12 novembro 2007

NESTLÉ MONTA PLANO B PARA ENFRENTAR RISCO DE FALTA DE GÁS

Folha de S. Paulo

Empresa quer evitar o que ocorreu em 2001, com o apagão elétrico; se faltar gás, solução será voltar a utilizar óleo

Assim que recebeu a notícia, na noite de terça-feira, de que a Petrobras passaria a racionar gás, Ivan Zurita, presidente da Nestlé, tomou duas medidas: ligou para o ministro do Desenvolvimento, Miguel Jorge, e convocou um comitê de crise. Com o governo, Zurita queria saber quais as reais ameaças de um novo apagão energético. Com sua equipe técnica, a intenção era montar um plano B em caso de contingência. "Fiquei preocupado porque temos projetos e investimentos previstos que estão ligados ao "mix" de energia, que, de uma hora para outra, passa a não valer mais. Garantir energia é obrigação do governo." Segundo Zurita, falta planejamento ao governo, do mesmo modo que faltou fiscalização no caso do leite adulterado e agressividade comercial na assinatura de acordos bilaterais, que dêem ao Brasil mais acesso a mercados internacionais. A Nestlé, maior empresa de alimentos no país, fatura R$ 12,4 bilhões e tem 16 mil funcionários em 28 fábricas. (GUILHERME BARROS e CRISTIANE BARBIERI)

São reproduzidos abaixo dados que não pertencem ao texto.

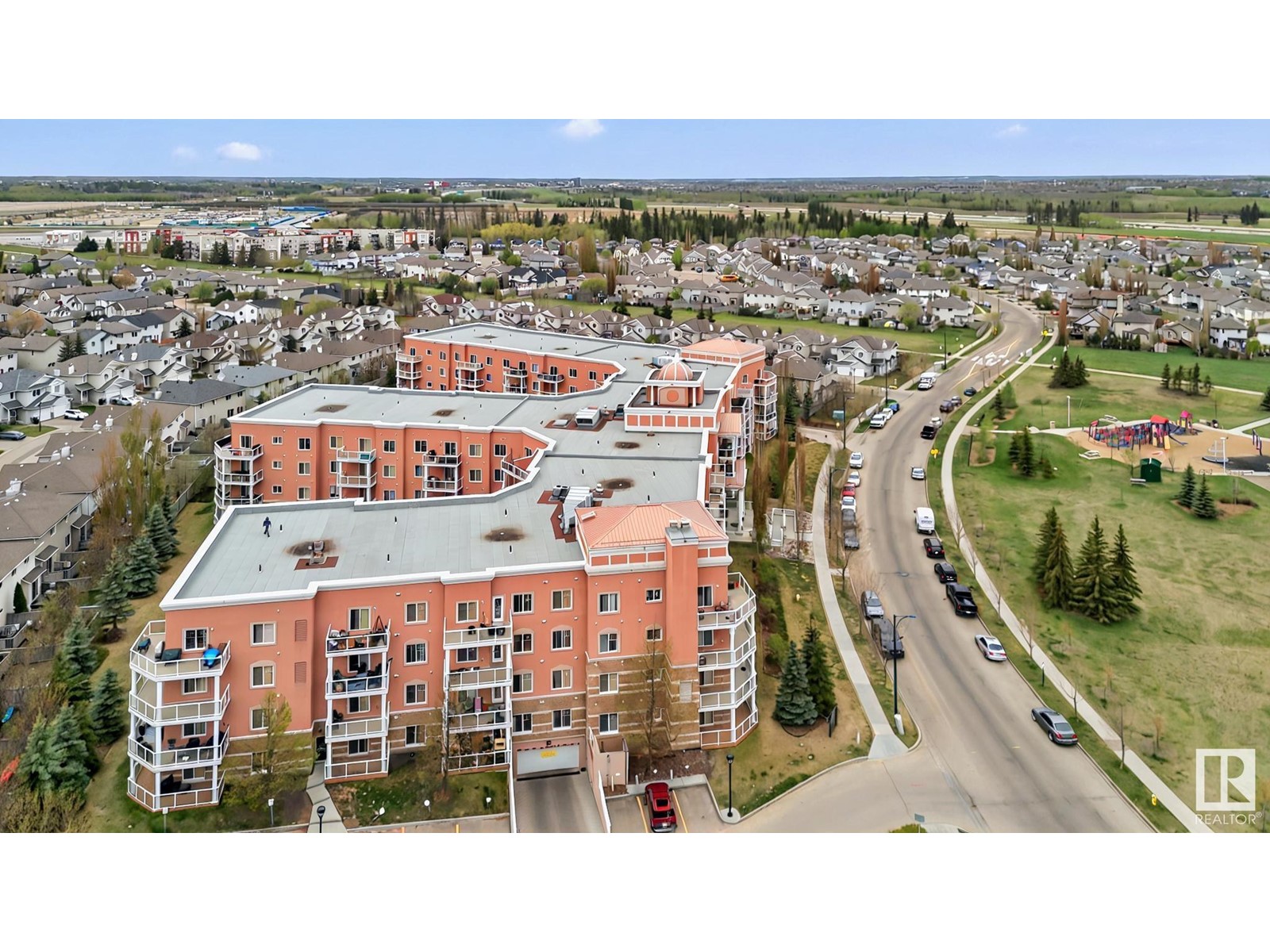 #104 263 MACEWAN RD SW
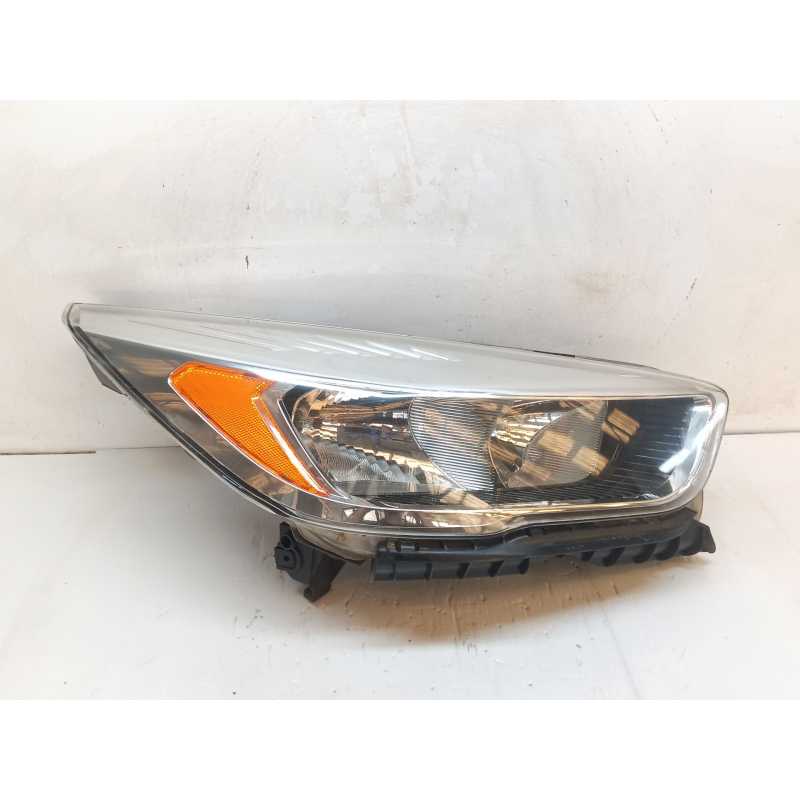 Recambio de faro derecho para ford kuga (cbs) titanium referencia OEM IAM GV4113W029AD  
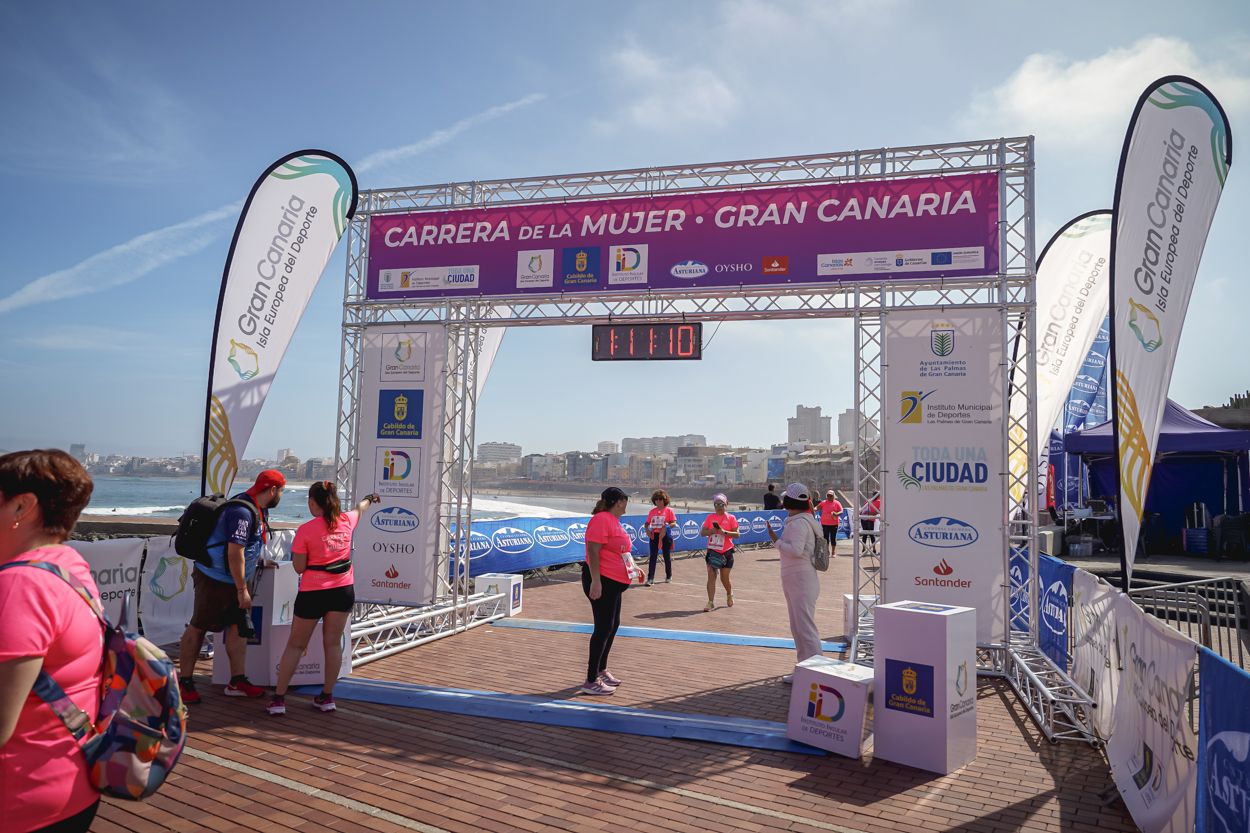 Las fotos de meta de la Carrera de la Mujer de Gran Canaria 12 10 21 15701 O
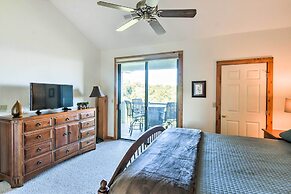 Mountain-view Blue Ridge Condo: 36 Mi to Asheville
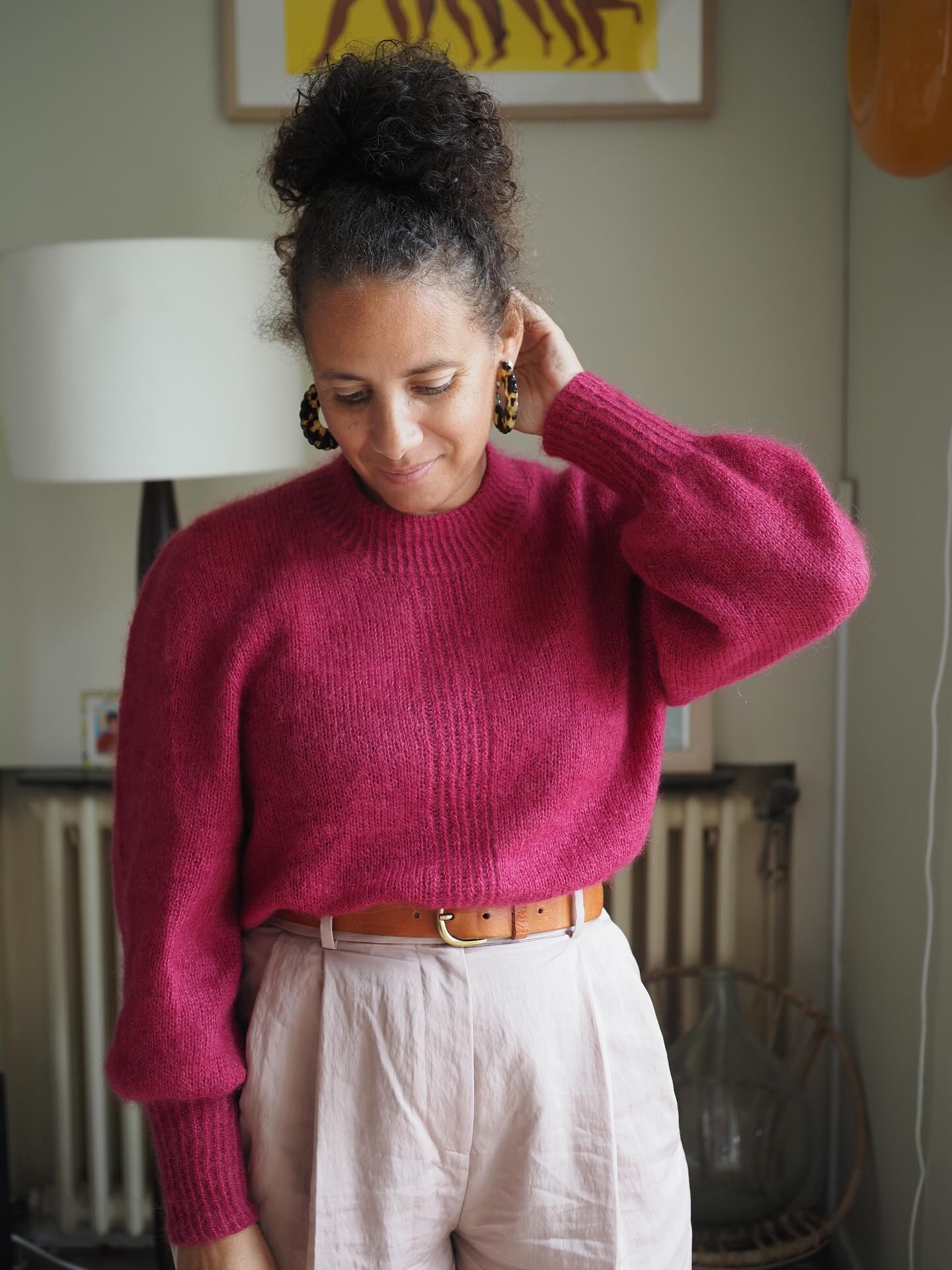 BELLAROSA c’est peu ma blouse tricotée 🩰🛼
Des manches bouffantes avec un long poignet.
Un motif de côtes 1/1 torses sur le milieu.
Une belle construction d’emmanchure qui se fait juste avec un jeu d’augmentations.
Une encolure ronde avec un col montant.
Je suis ravie de l’avoir ressortie de mon placard.🐿️ Retrouvez La Fiche tricot en 9 tailles en français et en anglais sur Ravelry et www.AtelierEmilie.com
Fils . @yarnbysimone 2 de kms tenus ensemble. Couleur La valse d’Amelie.
.
.
#atelieremilie #ateliermiliedesigns
#knitting #knitweardesigner #mohairaddict
#tricotété #summerknitting
#tricot #strikk tricot #jeportecequejetricote
#pullbellarosa #pullbellarosa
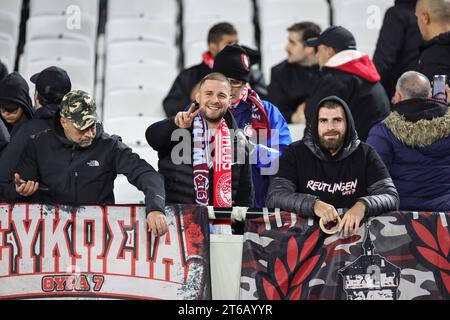 I tifosi arrivano durante la partita di UEFA Europa League West Ham United vs Olympiakos FC al London Stadium, Londra, Regno Unito, 9 novembre 2023 (foto di Mark Cosgrove/News Images) Foto Stock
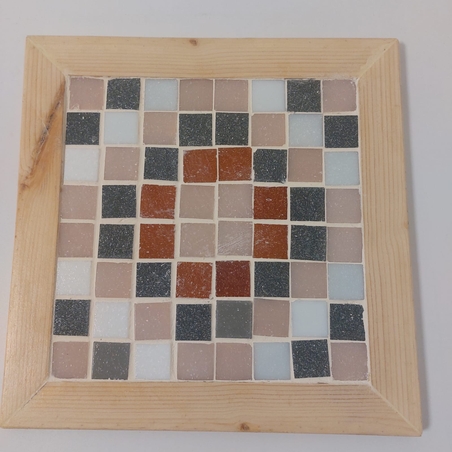 משטח לסירים מעץ דגם חום בז, לבן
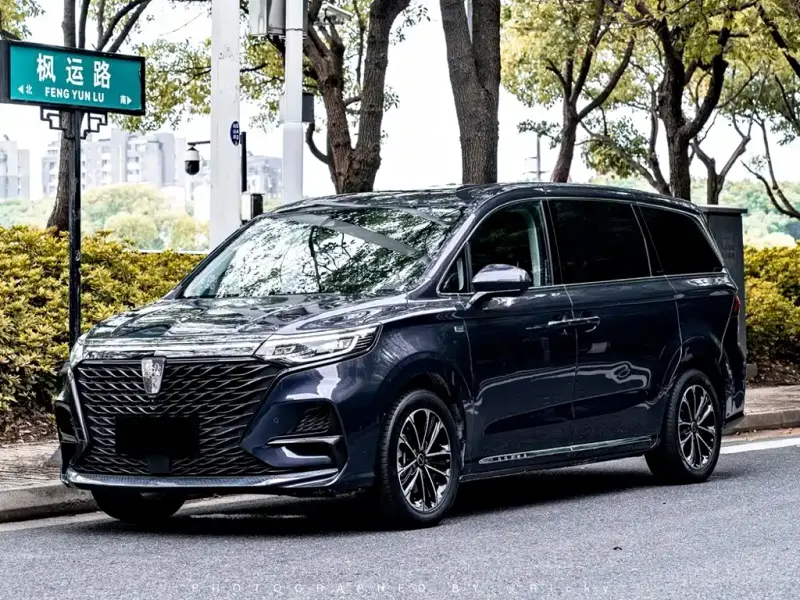Roewe iMAX8, 2021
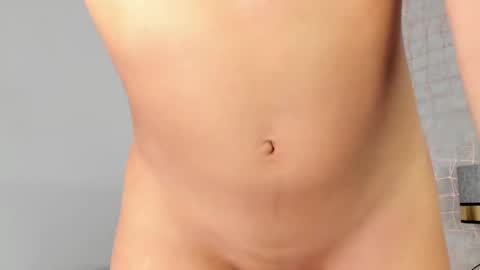 Niicole online show from September 2025 08:03:01 PM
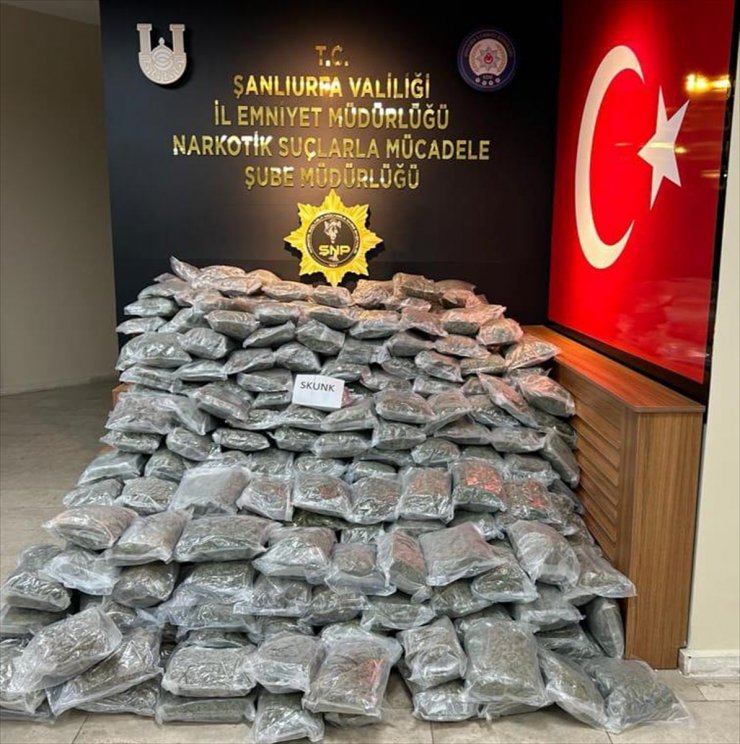 Şanlıurfa'da 177 kilogram skunk ele geçirildi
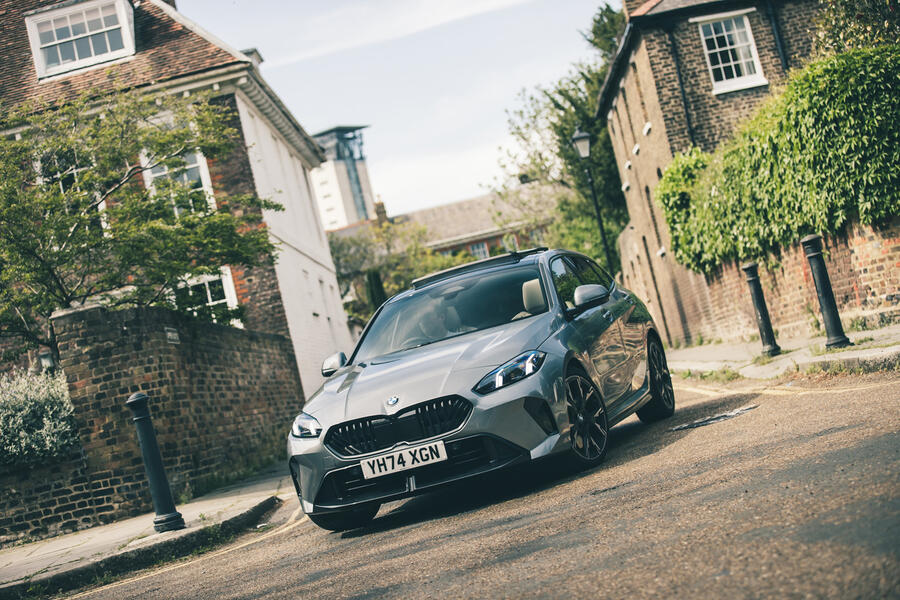 طراحی خارجی نسل چهارم بی ام و سری ۱ با رینگهای ۱۹ اینچی M نمای جانبی بی ام و ۱۲۰ خاکستری متالیک در نور روز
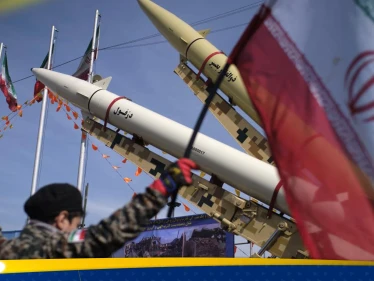 إيران تراجع إخفاقاتها العسكرية علناً بعد الحرب مع إسرائيل وتستعد لجولة جديدة - وكالة ستيب نيوز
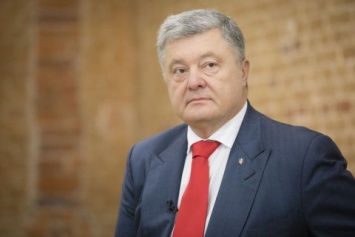 Порошенко прокомментировал паспортный скандал с Венгрией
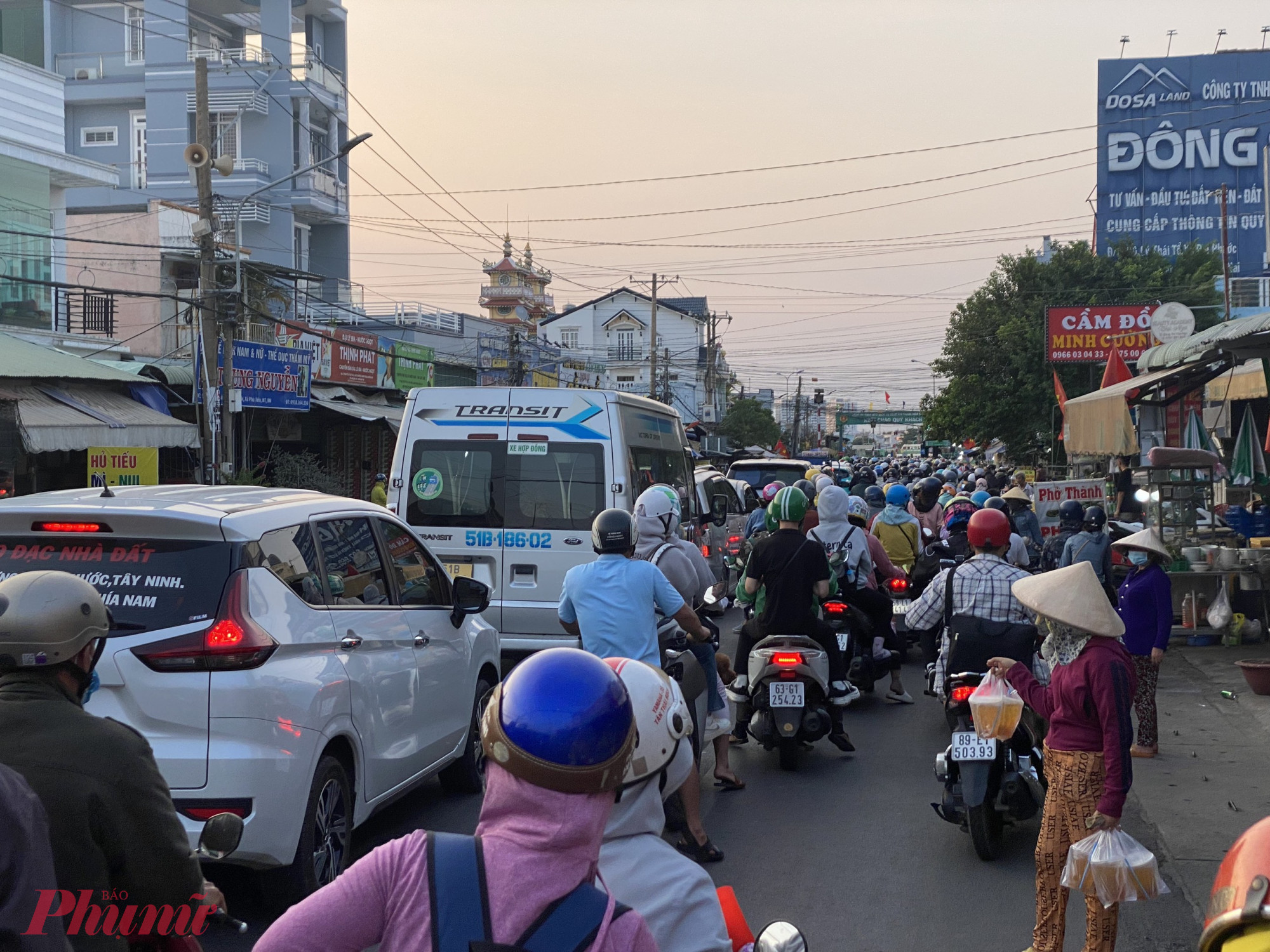 Càng về tối, các phương tiện lại lại càng đông, bắt đầu xảy ra cảnh ùn ứ.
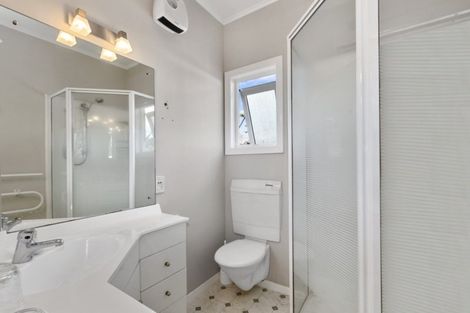 Photo of property in 140 Waterloo Road, Hutt Central, Lower Hutt, 5010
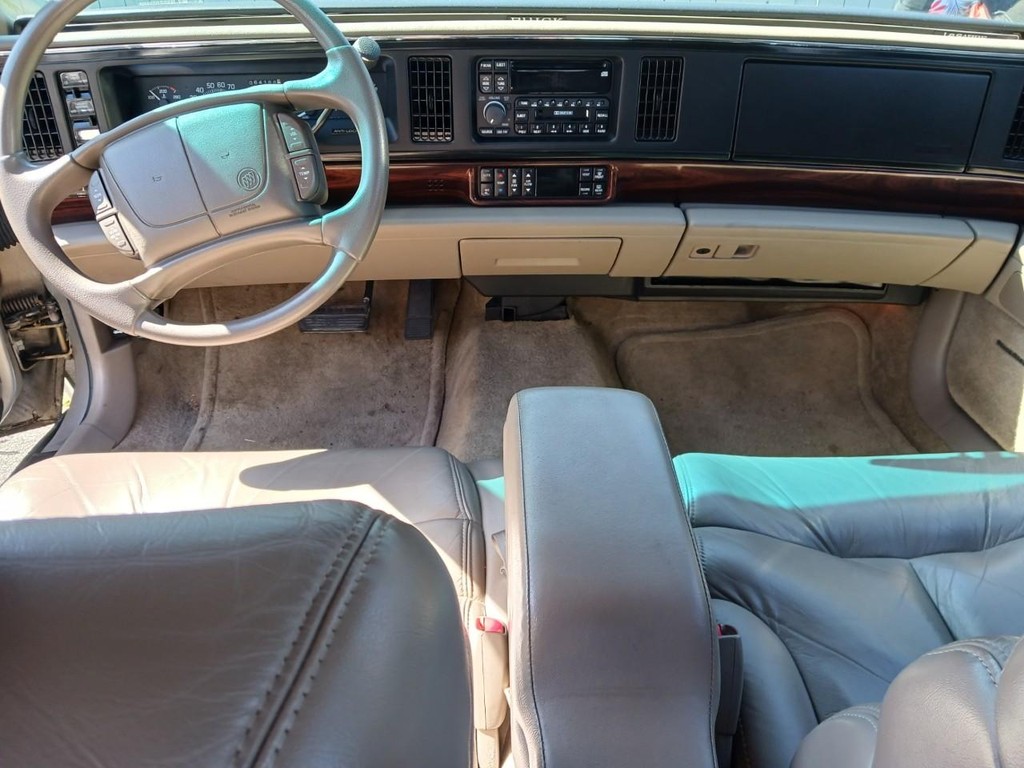 Buick LeSabre Vehicle Full-screen Gallery Image 06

FOLHA - A Nestlé pretende dobrar de tamanho em cinco anos. A crise energética vai atrapalhar?
IVAN ZURITA -
Não é a energia que preocupa, mas o atraso diante da realidade que vivemos. O PAC [Programa de Aceleração do Crescimento] é uma iniciativa de recuperação de terreno perdido. O plano vai nos atualizar, mas, se demorar muito, quando o PAC acontecer vamos estar precisando de outro PAC. O governo prima pela falta de planejamento. Toda companhia deste país que não se atualizou buscando eficiência, de 1964 para cá, quebrou. O governo é o mesmo de 1964, só que grande, e quem paga essa diferença somos nós. Só que não dá mais! O nível da carga tributária exerce uma barreira contra o desenvolvimento do país.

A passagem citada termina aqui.